» **Data shown**:
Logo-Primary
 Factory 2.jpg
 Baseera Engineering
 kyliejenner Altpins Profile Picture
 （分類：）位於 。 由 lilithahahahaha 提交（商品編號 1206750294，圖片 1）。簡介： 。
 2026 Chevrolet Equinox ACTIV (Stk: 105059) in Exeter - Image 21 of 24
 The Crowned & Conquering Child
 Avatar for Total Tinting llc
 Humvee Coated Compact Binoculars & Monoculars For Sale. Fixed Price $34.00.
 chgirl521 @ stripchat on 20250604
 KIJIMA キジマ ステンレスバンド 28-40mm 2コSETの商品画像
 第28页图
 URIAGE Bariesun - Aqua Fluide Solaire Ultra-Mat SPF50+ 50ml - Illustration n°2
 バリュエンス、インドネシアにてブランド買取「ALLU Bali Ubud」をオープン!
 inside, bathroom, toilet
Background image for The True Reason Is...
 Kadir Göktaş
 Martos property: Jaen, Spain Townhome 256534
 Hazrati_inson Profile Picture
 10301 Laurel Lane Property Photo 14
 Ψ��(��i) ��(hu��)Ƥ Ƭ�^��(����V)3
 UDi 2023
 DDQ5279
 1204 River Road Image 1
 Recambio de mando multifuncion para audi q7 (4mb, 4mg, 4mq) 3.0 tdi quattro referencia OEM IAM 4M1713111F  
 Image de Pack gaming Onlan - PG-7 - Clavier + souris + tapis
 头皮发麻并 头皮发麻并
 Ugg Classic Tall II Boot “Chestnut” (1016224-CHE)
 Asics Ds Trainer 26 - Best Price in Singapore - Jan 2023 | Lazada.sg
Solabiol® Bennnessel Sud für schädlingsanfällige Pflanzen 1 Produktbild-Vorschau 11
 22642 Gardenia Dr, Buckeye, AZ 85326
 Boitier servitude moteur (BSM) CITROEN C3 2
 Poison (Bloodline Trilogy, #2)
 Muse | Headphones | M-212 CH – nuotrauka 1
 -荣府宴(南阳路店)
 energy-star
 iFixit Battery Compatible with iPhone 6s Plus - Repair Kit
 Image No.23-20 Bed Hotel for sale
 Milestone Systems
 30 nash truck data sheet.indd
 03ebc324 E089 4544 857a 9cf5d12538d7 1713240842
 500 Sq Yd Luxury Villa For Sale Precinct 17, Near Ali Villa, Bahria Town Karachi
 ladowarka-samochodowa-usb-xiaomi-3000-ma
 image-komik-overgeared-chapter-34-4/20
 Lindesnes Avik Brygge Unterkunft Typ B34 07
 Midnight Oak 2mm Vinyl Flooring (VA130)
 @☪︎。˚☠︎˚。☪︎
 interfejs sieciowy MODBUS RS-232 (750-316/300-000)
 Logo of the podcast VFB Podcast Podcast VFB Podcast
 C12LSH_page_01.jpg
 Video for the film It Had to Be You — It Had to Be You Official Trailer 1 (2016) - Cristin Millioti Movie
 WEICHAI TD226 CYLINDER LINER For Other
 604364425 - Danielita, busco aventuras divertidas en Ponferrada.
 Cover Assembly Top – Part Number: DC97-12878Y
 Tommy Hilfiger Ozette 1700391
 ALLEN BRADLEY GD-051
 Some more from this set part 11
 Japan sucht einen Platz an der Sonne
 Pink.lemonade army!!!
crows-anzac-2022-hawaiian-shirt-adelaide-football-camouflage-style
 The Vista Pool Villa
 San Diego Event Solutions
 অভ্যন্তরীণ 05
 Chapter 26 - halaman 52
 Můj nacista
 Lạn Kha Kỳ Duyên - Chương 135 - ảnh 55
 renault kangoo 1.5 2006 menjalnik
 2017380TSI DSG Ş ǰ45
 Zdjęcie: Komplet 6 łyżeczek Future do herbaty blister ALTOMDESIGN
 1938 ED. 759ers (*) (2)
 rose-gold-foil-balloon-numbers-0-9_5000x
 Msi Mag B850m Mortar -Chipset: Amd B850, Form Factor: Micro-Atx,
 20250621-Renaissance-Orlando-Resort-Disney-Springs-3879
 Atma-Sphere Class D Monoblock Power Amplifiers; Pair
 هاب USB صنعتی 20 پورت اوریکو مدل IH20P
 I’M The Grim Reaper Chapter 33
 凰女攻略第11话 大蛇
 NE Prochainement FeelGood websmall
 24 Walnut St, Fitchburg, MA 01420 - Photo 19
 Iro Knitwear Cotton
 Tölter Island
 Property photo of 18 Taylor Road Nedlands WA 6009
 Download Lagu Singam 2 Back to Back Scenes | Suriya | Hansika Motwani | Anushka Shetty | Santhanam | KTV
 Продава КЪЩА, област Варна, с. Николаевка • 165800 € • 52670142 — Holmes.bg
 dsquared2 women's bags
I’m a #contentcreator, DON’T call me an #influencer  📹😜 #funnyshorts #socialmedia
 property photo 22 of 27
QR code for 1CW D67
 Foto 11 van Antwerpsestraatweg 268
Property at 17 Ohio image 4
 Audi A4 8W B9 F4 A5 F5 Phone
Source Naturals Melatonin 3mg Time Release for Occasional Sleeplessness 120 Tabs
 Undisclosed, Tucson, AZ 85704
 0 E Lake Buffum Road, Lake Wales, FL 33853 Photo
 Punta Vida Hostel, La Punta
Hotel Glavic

» **Exercise prompt**:
There is a line with "renault kangoo 1.5 2006 menjalnik" and a line with "QR code for 1CW D67" above. Copy exactly those two lines and all lines between them, with nothing else.

» **Output of the task**:
 renault kangoo 1.5 2006 menjalnik
 2017380TSI DSG Ş ǰ45
 Zdjęcie: Komplet 6 łyżeczek Future do herbaty blister ALTOMDESIGN
 1938 ED. 759ers (*) (2)
 rose-gold-foil-balloon-numbers-0-9_5000x
 Msi Mag B850m Mortar -Chipset: Amd B850, Form Factor: Micro-Atx,
 20250621-Renaissance-Orlando-Resort-Disney-Springs-3879
 Atma-Sphere Class D Monoblock Power Amplifiers; Pair
 هاب USB صنعتی 20 پورت اوریکو مدل IH20P
 I’M The Grim Reaper Chapter 33
 凰女攻略第11话 大蛇
 NE Prochainement FeelGood websmall
 24 Walnut St, Fitchburg, MA 01420 - Photo 19
 Iro Knitwear Cotton
 Tölter Island
 Property photo of 18 Taylor Road Nedlands WA 6009
 Download Lagu Singam 2 Back to Back Scenes | Suriya | Hansika Motwani | Anushka Shetty | Santhanam | KTV
 Продава КЪЩА, област Варна, с. Николаевка • 165800 € • 52670142 — Holmes.bg
 dsquared2 women's bags
I’m a #contentcreator, DON’T call me an #influencer  📹😜 #funnyshorts #socialmedia
 property photo 22 of 27
QR code for 1CW D67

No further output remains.